▶ **What you need to do**
Please restate every line below exactly, without any pictures.

[Caption-style text data]
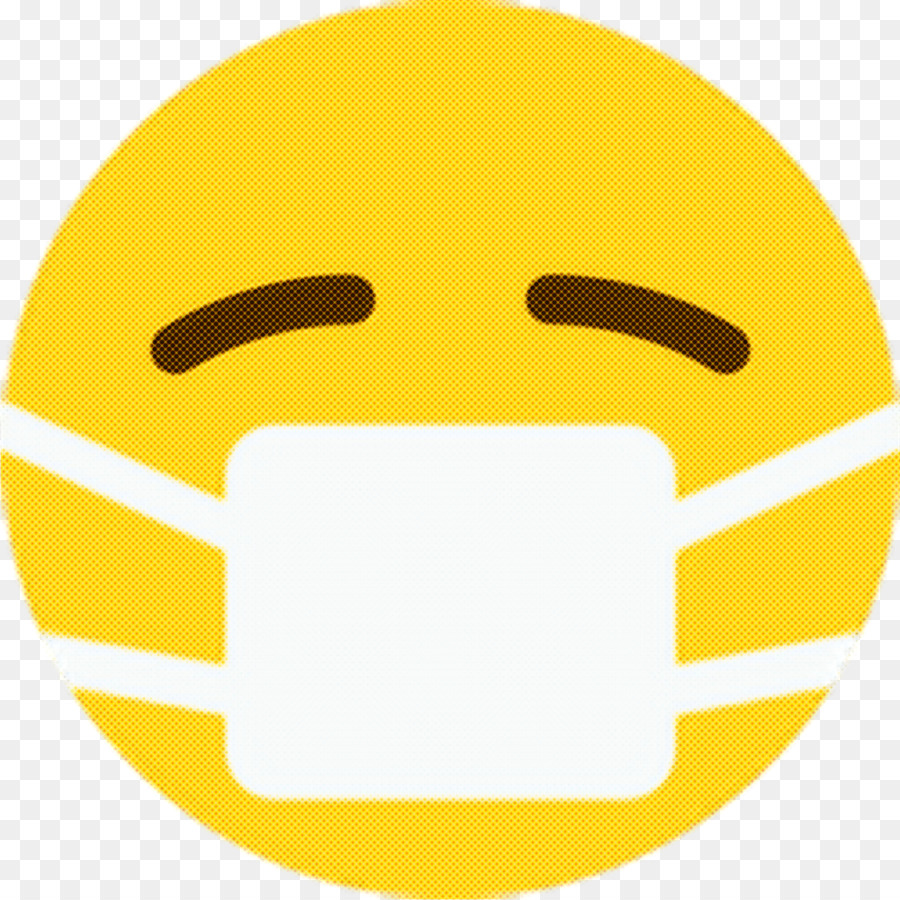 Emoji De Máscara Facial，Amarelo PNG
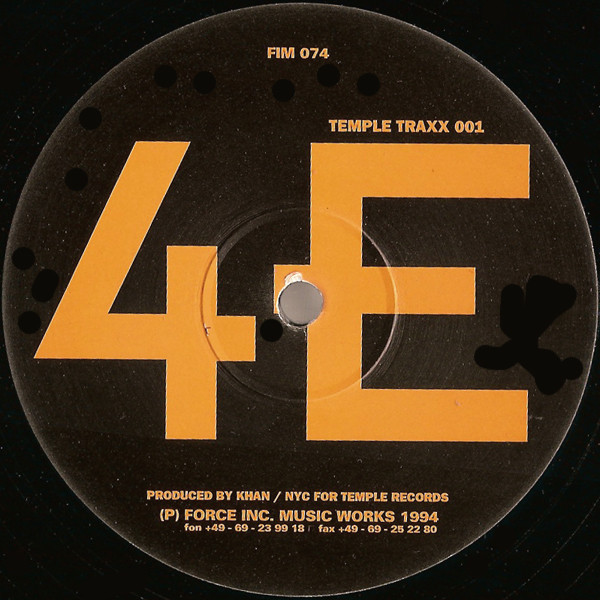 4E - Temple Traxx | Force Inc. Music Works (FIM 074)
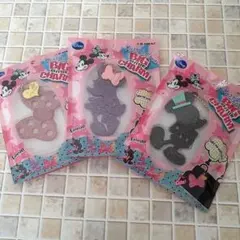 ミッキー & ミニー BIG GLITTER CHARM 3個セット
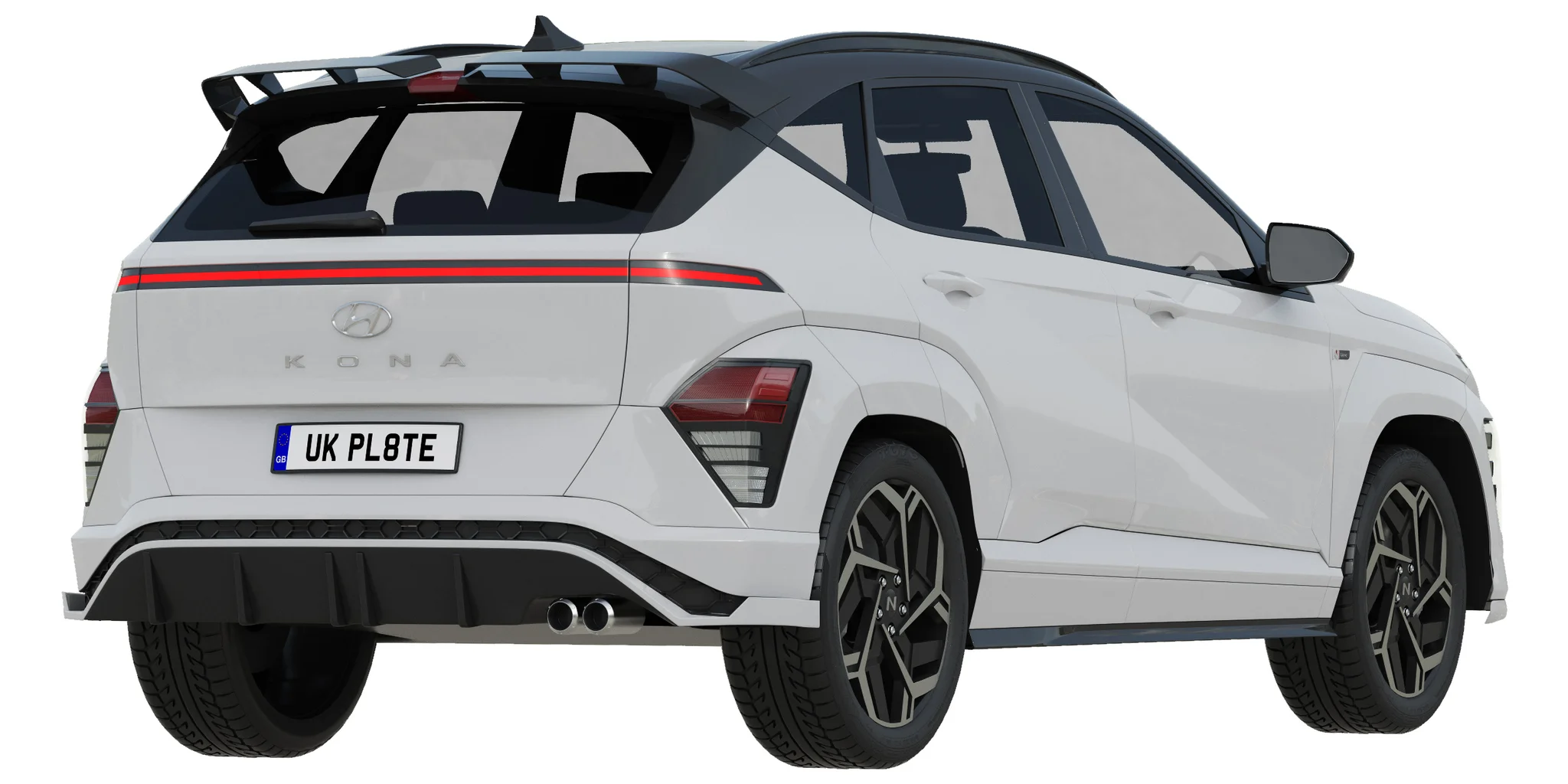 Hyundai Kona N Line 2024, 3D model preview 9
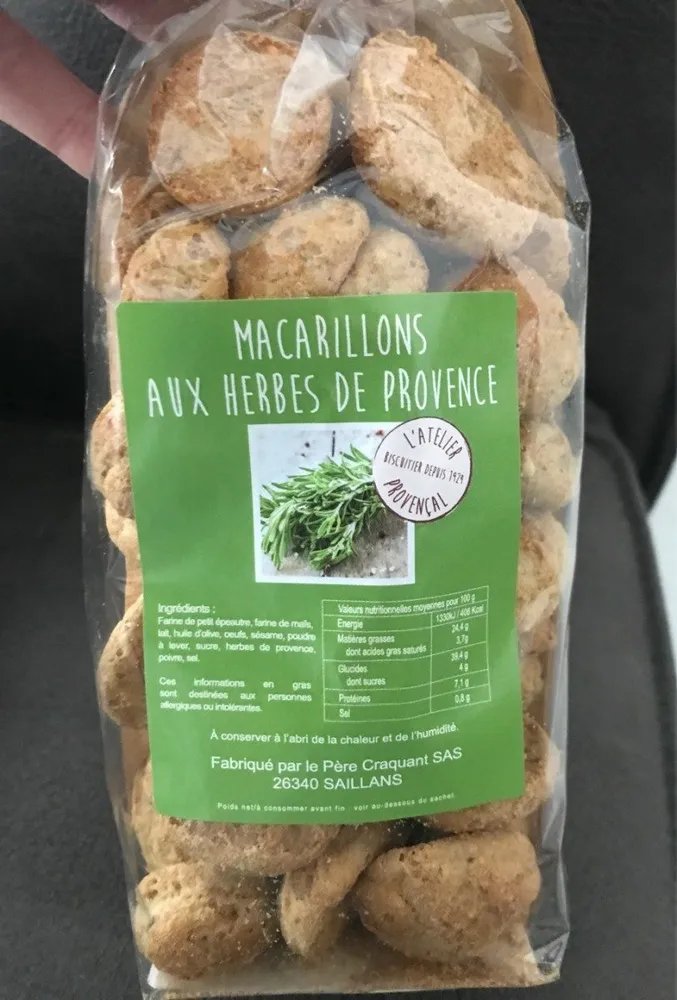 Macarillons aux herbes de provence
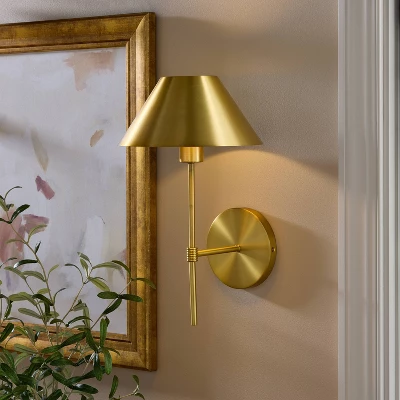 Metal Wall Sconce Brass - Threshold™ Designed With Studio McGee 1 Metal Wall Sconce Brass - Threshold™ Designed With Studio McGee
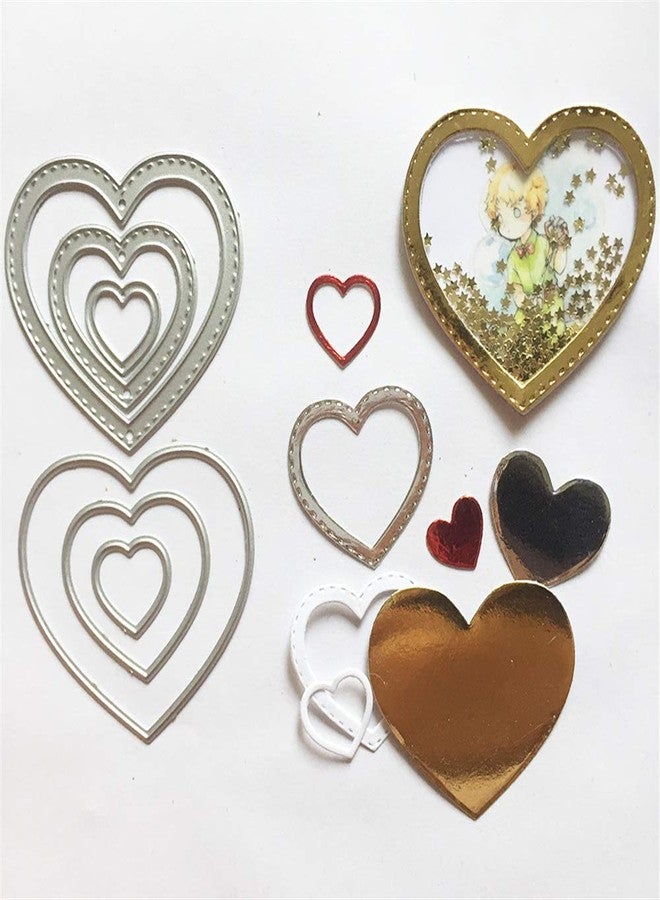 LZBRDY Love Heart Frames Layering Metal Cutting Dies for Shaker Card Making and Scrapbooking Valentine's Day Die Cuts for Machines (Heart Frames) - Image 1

▶ **Exercise output**
 Emoji De Máscara Facial，Amarelo PNG
 4E - Temple Traxx | Force Inc. Music Works (FIM 074)
 ミッキー & ミニー BIG GLITTER CHARM 3個セット
 Hyundai Kona N Line 2024, 3D model preview 9
 Macarillons aux herbes de provence
 Metal Wall Sconce Brass - Threshold™ Designed With Studio McGee 1 Metal Wall Sconce Brass - Threshold™ Designed With Studio McGee
 LZBRDY Love Heart Frames Layering Metal Cutting Dies for Shaker Card Making and Scrapbooking Valentine's Day Die Cuts for Machines (Heart Frames) - Image 1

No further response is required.